Even though there are some cases where a company will be forced to shut down, Chapter 11 at least allows it to do all it can to get out of these troubling times first.
How Can Businesses Avoid Bankruptcy?
Even though many businesses will often do all they can to avoid filing for bankruptcy, there are times when this cannot be avoided. However, there are some things businesses can do that might help them avoid bankruptcy.
This includes effective cash flow management, cost reduction and efficiency improvement, diversifying revenue streams, and forming strategic partnerships and collaborations.
How Customers Can Help a Business Avoid Bankruptcy
Even though businesses are responsible for keeping themselves afloat, customers can do their bit to prevent them from shutting down.
This means actually going into store and buying products, as giving a business your custom helps keep it going. However, it is also the responsibility of the business to adapt to the needs of customers, as not doing this can cause them to go elsewhere.

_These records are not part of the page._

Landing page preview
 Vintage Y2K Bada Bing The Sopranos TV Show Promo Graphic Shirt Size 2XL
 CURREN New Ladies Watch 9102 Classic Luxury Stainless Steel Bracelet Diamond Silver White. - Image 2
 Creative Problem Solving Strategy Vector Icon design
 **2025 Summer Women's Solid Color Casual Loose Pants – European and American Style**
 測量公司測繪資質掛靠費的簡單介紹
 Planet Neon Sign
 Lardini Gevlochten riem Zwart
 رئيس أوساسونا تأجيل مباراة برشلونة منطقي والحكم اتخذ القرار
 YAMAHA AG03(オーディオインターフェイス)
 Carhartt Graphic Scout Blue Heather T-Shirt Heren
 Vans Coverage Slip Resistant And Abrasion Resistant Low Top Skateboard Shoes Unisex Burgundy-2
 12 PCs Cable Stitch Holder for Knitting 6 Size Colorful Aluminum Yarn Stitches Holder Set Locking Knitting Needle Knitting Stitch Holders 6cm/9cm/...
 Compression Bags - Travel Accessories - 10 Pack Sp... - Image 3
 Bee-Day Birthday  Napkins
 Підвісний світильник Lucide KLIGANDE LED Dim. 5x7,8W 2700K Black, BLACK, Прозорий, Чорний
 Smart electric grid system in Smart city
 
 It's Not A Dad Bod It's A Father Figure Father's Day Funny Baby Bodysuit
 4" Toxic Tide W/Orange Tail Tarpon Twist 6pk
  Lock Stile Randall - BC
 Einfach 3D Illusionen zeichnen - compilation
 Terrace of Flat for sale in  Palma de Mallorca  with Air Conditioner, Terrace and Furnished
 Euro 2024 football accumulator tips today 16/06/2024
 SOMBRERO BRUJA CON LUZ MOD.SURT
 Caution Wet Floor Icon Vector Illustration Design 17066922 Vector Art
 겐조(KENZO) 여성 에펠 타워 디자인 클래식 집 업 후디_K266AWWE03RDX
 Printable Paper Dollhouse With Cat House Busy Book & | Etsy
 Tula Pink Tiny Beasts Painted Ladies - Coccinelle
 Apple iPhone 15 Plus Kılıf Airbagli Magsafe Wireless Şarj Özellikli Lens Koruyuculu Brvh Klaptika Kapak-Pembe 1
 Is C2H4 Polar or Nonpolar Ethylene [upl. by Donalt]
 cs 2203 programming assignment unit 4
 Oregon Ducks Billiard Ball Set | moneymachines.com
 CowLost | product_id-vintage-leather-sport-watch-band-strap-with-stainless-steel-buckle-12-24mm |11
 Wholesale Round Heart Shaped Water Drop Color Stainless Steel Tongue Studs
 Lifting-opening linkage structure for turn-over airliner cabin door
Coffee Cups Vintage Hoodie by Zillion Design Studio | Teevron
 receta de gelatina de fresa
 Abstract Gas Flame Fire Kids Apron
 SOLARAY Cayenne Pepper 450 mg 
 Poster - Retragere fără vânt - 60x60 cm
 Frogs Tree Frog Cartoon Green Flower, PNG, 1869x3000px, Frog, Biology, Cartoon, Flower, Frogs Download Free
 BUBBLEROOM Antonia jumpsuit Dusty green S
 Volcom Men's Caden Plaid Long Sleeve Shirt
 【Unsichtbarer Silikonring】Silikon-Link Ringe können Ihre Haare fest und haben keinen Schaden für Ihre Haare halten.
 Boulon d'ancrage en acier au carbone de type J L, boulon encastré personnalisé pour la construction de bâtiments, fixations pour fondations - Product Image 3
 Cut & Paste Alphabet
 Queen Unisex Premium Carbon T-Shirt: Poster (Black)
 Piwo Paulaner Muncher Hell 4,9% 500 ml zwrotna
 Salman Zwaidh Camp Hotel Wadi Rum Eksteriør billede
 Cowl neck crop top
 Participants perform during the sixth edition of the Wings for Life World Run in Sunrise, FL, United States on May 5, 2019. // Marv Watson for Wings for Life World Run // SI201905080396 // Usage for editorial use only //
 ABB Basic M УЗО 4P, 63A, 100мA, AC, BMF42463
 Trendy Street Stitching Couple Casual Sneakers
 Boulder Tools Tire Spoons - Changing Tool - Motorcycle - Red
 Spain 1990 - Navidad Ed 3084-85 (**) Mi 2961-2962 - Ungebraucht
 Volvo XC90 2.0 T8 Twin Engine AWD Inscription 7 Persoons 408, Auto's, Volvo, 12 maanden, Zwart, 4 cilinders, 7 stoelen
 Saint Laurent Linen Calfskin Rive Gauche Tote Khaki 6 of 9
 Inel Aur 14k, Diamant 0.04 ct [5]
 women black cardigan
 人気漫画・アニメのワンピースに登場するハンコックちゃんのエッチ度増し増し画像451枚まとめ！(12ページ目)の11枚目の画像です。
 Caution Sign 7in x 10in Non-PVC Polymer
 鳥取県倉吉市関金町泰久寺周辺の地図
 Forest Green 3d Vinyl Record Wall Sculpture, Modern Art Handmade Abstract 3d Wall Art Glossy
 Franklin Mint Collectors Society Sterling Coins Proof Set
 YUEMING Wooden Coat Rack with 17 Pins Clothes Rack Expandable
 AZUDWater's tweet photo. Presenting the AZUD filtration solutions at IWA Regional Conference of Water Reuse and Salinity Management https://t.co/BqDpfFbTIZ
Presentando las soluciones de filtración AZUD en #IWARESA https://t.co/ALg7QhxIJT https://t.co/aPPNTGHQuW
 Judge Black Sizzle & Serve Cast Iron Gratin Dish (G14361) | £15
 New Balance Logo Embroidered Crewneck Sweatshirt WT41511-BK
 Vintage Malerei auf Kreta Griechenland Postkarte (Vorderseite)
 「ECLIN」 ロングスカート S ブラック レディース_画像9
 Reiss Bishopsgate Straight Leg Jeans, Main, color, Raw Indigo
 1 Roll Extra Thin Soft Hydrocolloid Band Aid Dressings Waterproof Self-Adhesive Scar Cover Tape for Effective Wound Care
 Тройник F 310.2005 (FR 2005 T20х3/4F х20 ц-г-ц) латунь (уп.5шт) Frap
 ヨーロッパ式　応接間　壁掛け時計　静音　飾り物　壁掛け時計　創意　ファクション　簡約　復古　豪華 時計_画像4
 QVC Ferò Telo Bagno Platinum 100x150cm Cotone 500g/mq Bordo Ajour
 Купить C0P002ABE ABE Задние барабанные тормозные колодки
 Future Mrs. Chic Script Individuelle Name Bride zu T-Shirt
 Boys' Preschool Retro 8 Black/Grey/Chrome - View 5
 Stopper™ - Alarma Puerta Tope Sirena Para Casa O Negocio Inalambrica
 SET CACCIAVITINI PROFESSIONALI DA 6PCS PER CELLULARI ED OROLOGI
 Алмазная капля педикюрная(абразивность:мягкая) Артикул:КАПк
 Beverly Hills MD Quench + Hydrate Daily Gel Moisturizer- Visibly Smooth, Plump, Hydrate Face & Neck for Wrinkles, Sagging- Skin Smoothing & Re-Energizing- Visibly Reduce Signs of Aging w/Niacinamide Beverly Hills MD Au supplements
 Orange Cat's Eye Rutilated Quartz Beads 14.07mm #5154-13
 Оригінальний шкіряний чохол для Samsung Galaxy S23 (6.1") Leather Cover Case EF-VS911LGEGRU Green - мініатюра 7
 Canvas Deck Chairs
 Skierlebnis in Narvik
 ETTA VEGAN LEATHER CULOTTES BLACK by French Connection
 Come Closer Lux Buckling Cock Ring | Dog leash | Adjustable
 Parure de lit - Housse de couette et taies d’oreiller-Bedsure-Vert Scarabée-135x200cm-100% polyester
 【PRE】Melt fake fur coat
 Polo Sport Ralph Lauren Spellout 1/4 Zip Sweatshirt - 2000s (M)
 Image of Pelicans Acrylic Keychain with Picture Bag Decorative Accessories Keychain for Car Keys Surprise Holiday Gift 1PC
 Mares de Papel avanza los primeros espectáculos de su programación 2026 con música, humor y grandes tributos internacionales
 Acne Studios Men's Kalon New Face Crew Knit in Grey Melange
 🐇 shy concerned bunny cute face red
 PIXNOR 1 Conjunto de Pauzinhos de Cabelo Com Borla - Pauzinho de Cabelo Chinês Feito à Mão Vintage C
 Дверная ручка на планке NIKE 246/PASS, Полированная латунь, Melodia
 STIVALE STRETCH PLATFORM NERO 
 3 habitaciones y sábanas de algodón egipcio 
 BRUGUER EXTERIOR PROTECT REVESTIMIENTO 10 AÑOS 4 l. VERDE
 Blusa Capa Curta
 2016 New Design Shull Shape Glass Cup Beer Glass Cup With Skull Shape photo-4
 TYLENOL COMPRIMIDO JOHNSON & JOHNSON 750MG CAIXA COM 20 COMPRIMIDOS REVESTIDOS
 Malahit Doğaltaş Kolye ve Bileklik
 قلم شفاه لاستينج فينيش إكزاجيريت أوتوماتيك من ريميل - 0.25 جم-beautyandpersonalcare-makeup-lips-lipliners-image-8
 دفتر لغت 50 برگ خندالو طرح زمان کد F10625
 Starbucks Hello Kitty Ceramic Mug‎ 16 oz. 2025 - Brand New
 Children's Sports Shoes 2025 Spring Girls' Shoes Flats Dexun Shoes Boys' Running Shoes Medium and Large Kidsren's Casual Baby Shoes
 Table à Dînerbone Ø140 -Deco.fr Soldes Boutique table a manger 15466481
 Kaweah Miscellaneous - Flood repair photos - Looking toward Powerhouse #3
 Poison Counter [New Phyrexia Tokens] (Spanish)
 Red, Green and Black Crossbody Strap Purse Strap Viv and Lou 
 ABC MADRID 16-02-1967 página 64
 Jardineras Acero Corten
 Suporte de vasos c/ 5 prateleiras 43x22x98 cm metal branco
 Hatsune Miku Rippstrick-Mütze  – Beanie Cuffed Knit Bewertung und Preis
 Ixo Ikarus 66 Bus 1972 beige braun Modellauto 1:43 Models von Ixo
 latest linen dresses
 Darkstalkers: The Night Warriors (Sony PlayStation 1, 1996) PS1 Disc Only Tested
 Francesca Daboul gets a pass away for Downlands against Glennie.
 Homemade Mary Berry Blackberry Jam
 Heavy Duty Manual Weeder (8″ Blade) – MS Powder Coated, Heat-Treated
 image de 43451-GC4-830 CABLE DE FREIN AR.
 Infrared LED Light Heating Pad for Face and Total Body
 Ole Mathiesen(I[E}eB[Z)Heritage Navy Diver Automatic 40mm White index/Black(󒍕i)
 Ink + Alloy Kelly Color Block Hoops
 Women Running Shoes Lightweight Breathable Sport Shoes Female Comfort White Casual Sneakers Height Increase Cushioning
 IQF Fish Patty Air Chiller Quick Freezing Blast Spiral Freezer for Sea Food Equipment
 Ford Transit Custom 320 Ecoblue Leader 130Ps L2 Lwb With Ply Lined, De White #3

Businesses Still Feeling the Squeeze
The plight of Guardian Pharmacy is a mix of old and new problems and shows how issues from the past few years still linger. The height of the pandemic was almost five years ago now, but businesses are still feeling a COVID hangover.
Businesses need to look at companies like Guardian Pharmacy and realize no service is safe from the impact of changing customer trends, inflation and other related factors. If strategic management isn’t in place, any type of business it at risk from the lingering threat of bankruptcy.